# Lipschitz continuity of multivariable function in expected value

Suppose $$h:\mathcal{X \times Y \times W}\rightarrow\mathcal{X}$$, with $$\mathcal{X,Y,W} \subseteq \mathbb R^d$$, $$d \in \mathbb N$$ is Lipschitz in $$x,y$$, i.e., $$\| h(x,y,w) - h(x',y',w) \|_2 \le L_h (\|x - x' \|_2 + \| y -y'\|_2) \quad \forall \, x,x' \in \mathcal X, \ \forall \, y,y'\in \mathcal Y.$$ We also have $$f: \mathcal X \rightarrow \mathbb R$$ is Lipschitz in $$x$$, i.e., $$| f(x) - f(x') | \le L_f \|x - x' \|_2 \quad \forall \, x,x' \in \mathcal X.$$ Can we say that $$\max_y \left|\int_{\mathcal W} p(w) f(h(x,y,w)) dw - \int_{\mathcal W} p(w) f(h(x',y,w)) dw \right| \le K \|x-x' \|_2 \quad \forall \, x,x' \in \mathcal X,$$ (where $$p(w)$$ is a probability density function), i.e., $$\int_{\mathcal W} p(w) f(h(x,y,w)) dw$$ is Lipschitz in $$x$$? If yes what is the Lipschitz constant $$K$$?

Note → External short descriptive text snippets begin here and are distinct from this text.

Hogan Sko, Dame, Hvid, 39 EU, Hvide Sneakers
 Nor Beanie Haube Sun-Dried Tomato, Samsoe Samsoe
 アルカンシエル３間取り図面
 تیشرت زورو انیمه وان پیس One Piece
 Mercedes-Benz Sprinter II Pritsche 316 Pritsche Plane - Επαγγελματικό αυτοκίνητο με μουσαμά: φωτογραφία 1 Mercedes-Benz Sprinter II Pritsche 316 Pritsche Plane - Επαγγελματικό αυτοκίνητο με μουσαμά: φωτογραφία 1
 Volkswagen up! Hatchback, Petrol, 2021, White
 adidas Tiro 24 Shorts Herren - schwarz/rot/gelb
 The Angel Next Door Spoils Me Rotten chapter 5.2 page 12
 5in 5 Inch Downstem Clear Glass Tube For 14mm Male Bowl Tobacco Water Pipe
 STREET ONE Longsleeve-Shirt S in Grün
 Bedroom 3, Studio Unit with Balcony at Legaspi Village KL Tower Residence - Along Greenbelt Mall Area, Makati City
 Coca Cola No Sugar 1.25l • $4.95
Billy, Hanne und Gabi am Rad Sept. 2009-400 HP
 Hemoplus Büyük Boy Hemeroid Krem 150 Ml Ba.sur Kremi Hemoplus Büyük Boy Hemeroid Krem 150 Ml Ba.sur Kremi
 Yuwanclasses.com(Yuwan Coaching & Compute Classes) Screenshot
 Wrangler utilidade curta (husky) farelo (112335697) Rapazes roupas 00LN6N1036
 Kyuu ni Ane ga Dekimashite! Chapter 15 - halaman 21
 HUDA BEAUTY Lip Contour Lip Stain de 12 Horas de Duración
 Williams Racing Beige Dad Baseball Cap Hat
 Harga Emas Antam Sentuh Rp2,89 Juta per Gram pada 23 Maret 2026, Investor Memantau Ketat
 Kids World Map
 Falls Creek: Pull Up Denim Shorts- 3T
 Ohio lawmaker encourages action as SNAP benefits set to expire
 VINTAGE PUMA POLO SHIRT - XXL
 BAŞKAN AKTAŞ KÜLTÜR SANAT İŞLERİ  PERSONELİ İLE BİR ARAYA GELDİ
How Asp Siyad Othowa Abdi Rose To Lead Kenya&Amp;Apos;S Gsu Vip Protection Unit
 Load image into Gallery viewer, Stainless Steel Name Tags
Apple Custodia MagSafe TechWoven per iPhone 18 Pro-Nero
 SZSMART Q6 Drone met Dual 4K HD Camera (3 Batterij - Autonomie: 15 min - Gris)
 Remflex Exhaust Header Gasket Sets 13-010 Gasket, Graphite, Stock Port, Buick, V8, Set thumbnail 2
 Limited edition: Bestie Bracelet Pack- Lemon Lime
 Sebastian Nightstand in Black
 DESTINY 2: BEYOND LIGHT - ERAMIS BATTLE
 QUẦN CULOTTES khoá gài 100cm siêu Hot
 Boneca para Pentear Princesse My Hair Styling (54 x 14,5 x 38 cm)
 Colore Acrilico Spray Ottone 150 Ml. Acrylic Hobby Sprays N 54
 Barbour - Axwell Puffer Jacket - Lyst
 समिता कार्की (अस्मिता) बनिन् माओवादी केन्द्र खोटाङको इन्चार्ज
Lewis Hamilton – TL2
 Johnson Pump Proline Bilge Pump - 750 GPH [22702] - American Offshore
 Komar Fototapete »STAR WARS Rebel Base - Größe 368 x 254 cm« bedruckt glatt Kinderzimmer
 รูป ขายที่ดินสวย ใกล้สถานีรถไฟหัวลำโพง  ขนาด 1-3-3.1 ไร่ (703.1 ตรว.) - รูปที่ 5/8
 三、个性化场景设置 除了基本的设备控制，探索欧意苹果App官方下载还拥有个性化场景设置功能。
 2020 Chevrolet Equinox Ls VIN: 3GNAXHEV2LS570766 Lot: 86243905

We can assume for example that $$h(x,y,w)= g(x,y) + w$$ where $$g:\mathcal{X\times Y}\rightarrow\mathcal{X}$$ is a deterministic function of $$x,y$$ and $$w \sim \mathcal N(\boldsymbol{\mu}, \Sigma)$$. Thanks

Assume that $$|f(x)-f(x')|\le L_f\|x-x'\|_2\quad\forall \ x,x' \in \mathcal X,$$ rather than $$|f(x)-h(x')|\le L_f\|x-x'\|_2\quad\forall \ x,x' \in \mathcal X.$$ Then $$|f(h(x,y,w))-f(h(x',y,w))|\le L_f\|h(x,y,w)-h(x',y,w)\|_2 \le L_fL_h\|x-x'\|_2,$$ whence $$\left|\int_{\mathcal W} p(w) f(h(x,y,w))\, dw - \int_{\mathcal W} p(w) f(h(x',y,w)) \,dw \right| \\ \le\int_{\mathcal W} p(w) |f(h(x,y,w))-f(h(x',y,w))| dw \\ \le\int_{\mathcal W} p(w) L_fL_h\|x-x'\|_2 dw = L_fL_h\|x-x'\|_2.$$ So, your desired inequality holds with $$K=L_fL_h$$.